[Start of section]

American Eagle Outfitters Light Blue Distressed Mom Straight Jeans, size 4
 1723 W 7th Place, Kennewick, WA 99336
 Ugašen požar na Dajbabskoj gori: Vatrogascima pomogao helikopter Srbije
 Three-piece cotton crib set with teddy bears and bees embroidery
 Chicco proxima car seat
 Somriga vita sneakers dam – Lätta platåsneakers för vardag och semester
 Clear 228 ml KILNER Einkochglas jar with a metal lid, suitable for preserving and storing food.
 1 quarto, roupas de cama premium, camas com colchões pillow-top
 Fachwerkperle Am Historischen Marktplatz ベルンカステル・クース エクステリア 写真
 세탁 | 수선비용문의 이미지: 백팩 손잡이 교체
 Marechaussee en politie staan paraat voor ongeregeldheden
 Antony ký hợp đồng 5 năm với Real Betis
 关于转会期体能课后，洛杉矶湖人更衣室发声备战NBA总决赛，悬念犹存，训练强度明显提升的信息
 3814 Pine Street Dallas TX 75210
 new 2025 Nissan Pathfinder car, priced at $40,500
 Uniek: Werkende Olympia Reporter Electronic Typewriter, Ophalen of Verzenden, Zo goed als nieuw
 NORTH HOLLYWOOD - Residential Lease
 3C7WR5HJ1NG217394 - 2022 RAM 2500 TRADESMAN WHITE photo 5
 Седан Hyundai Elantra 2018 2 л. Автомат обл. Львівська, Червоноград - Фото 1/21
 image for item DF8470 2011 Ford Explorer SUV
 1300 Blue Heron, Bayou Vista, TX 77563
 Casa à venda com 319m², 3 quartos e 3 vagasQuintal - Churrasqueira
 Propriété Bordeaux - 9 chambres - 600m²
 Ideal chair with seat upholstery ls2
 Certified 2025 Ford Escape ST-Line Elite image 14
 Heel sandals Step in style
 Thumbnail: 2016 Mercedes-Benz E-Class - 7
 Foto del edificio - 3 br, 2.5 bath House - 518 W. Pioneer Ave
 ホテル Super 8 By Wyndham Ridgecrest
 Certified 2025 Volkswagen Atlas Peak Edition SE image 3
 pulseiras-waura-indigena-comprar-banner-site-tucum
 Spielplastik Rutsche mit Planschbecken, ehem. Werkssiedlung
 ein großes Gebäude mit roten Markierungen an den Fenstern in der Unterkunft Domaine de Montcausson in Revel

[End of section]

§ **Description of the task**
Would you print exactly, and only, the lines of the data above from the line with "3814 Pine Street Dallas TX 75210" through the line with "NORTH HOLLYWOOD - Residential Lease", inclusive?

§ **Expected answer**
 3814 Pine Street Dallas TX 75210
 new 2025 Nissan Pathfinder car, priced at $40,500
 Uniek: Werkende Olympia Reporter Electronic Typewriter, Ophalen of Verzenden, Zo goed als nieuw
 NORTH HOLLYWOOD - Residential Lease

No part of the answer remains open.